Data provided:
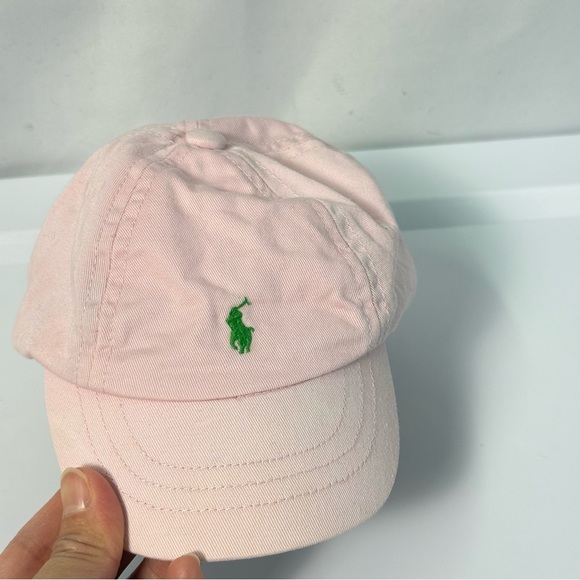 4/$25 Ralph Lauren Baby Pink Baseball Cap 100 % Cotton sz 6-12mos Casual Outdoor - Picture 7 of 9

---

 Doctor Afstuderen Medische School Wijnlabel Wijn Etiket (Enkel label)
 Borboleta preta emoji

Your task: Each line above from the one with "Doctor Afstuderen Medische" up to and including the one with "Borboleta preta emoji" must be set down exactly, and no line outside that span may appear.

Written answer:
 Doctor Afstuderen Medische School Wijnlabel Wijn Etiket (Enkel label)
 Borboleta preta emoji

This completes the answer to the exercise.